The Kennedy family managed to hang together more closely, too. Jackie became more comfortable with the clan gatherings she had formerly despised and even played touch football with the boys once or twice. Jack, Bobby and Teddy established an easy familiarity and comfort that had eluded them in the pressure cooker of the White House. Watching President McCormack and then President Nixon and commenting was so much easier and carried far less personal risk.
Even the haters of the Kennedys seemed to take a step back. They were still hated, of course, by the extreme right, but they were not considered an immediate threat to the safety of the nation. In later years, Robert Kennedy confessed that this was his motivation in not pursuing a political career of his own. He had lived through his brother’s brush with martyrdom and had resolved that, however it turned out, he was through. In actual fact, all three of the Kennedy brothers — John, Robert and Edward — had taken a private family oath to never seek the presidency. They agreed to be happy without it, and besides the occasional twinge of regret that comes from knowing one of them could probably have defeated the existing candidates of any particular year, they seemed to accept the decision with great high spirits.
For nearly six years, then, John Kennedy lived a life that he enjoyed immensely. He was able to watch his children grow up, to fall back in love (or, as doubters maintained, to fall in love for the first time) with Jackie, and to practice club politics in the United States Senate with his little brother Ted, who seemed to be naturally drawn to the rhythm and mood of the congressional lifestyle. There were family gatherings, sailing trips, old friends and a true appreciation for what it meant to be alive, something that only a man who has nearly been killed can ever truly experience.

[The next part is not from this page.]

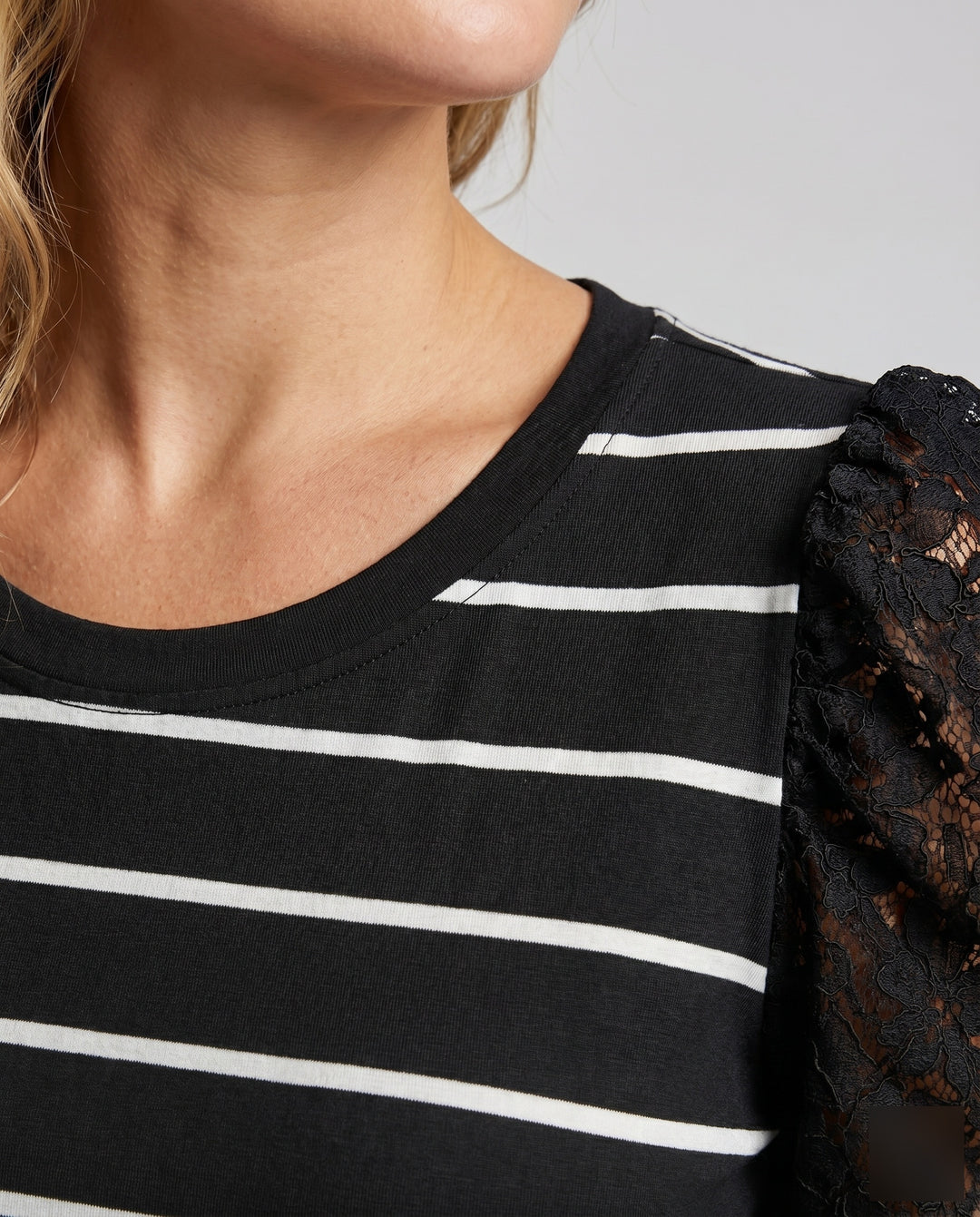 Product 15636300464458 - close_up_detail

In 1975, the former President’s health began to fail. Whether it was the long-term grinding down of his Addison’s disease or the years of drug abuse to combat his various infirmities, he began to suffer one setback after another. Even so, after years of masking pain and disability, he was able to keep all but those closest to him unaware that he was dying.
In 1976, John Kennedy announced that he would not be a candidate for reelection, just as Edward had done six years earlier. But Teddy did not step in to try to reclaim the so-called “Kennedy seat,” because he had come to believe the voters might hand him the first defeat in an election that the Kennedys had ever suffered, a distinction that he did not want.

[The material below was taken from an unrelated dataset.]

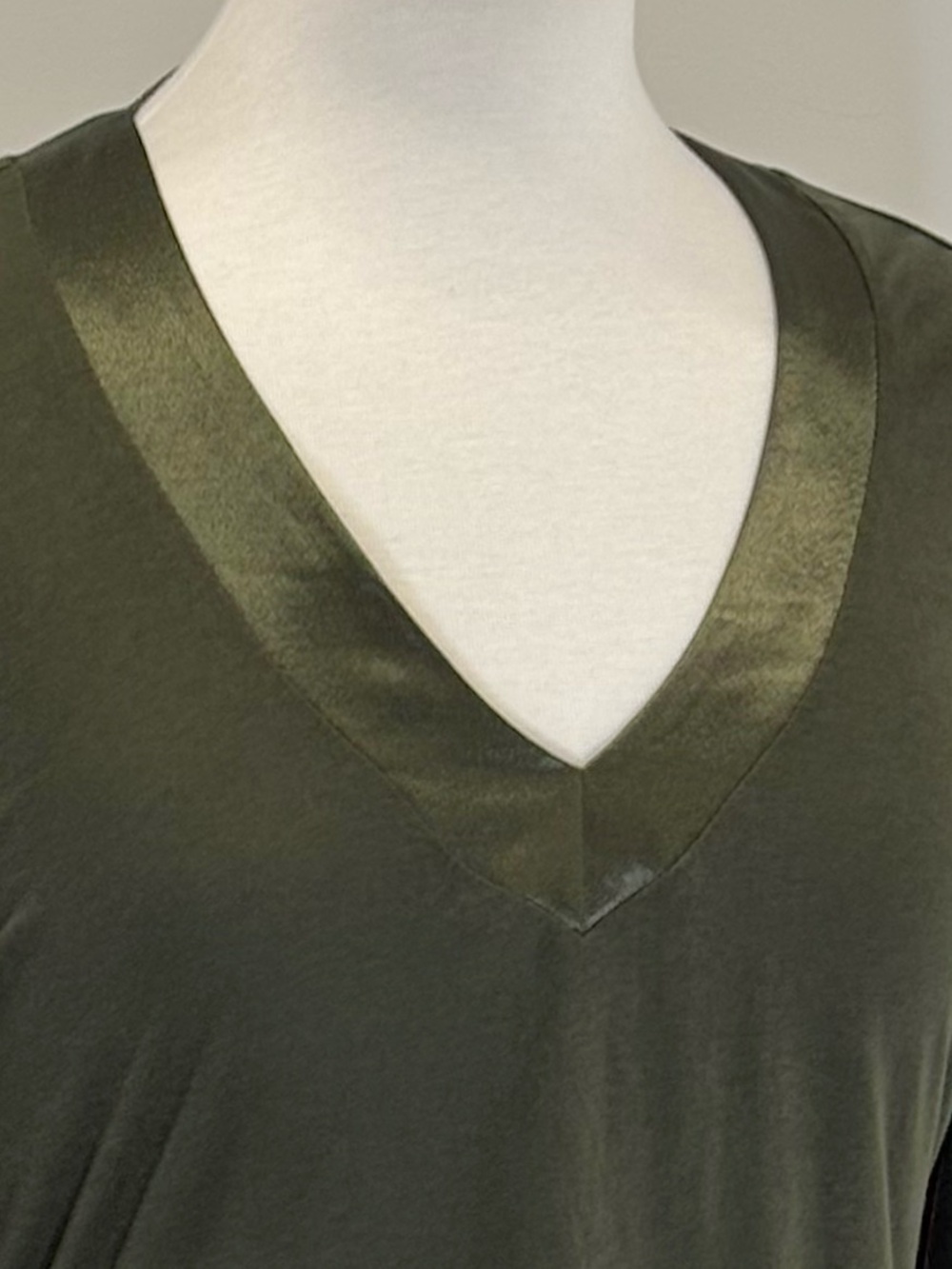 Gap army green top w/ satin collar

In presidential politics, John Kennedy even managed to stage a series of primary appearances with the young governor of California, Jerry Brown, the son of the man who had defeated Richard Nixon for the same office in 1962. His endorsement was sufficient to derail the candidacy of little-known Georgia Governor Jimmy Carter. The general election of that year came down to a choice between two California governors — Jerry Brown for the Democrats and Ronald Reagan for the Republicans. Reagan defeated his Golden State successor, a rebuke that hurt Kennedy as much as Brown. JFK knew he would not see another presidential election, while Brown knew he had another shot in 1980 for a rematch.

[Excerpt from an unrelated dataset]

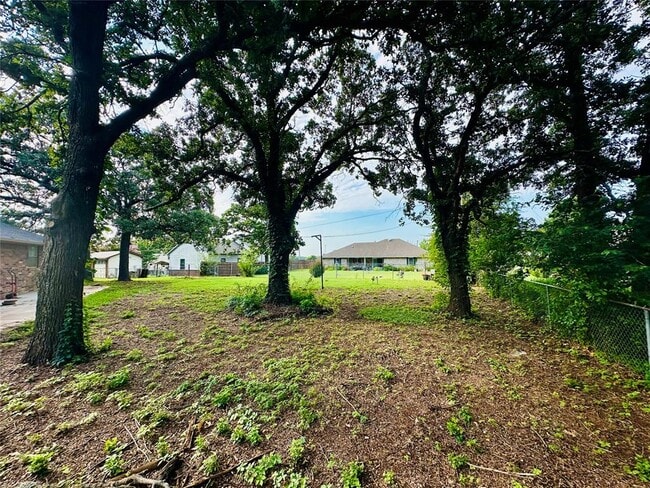 Photo - 107 Clador Dr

In the early summer of 1977, having celebrated his sixtieth birthday only a month earlier, John F. Kennedy died of heart failure. He was sailing with numerous members of the Kennedy clan on a hot summer afternoon and complained of indigestion. They came in early; Kennedy skipped dinner and went to bed. “Leave the light on,” he said to Jackie as his wife kissed him goodnight. He passed away in his sleep.
In 1978, Jacqueline Kennedy wrote her own national bestseller,
Leave the Light On
. It detailed her life with John Kennedy in very personal terms and tried to reconcile the complex feelings she had about him as a leader, father and husband. She worked in the New York publishing industry until her own death in 1994.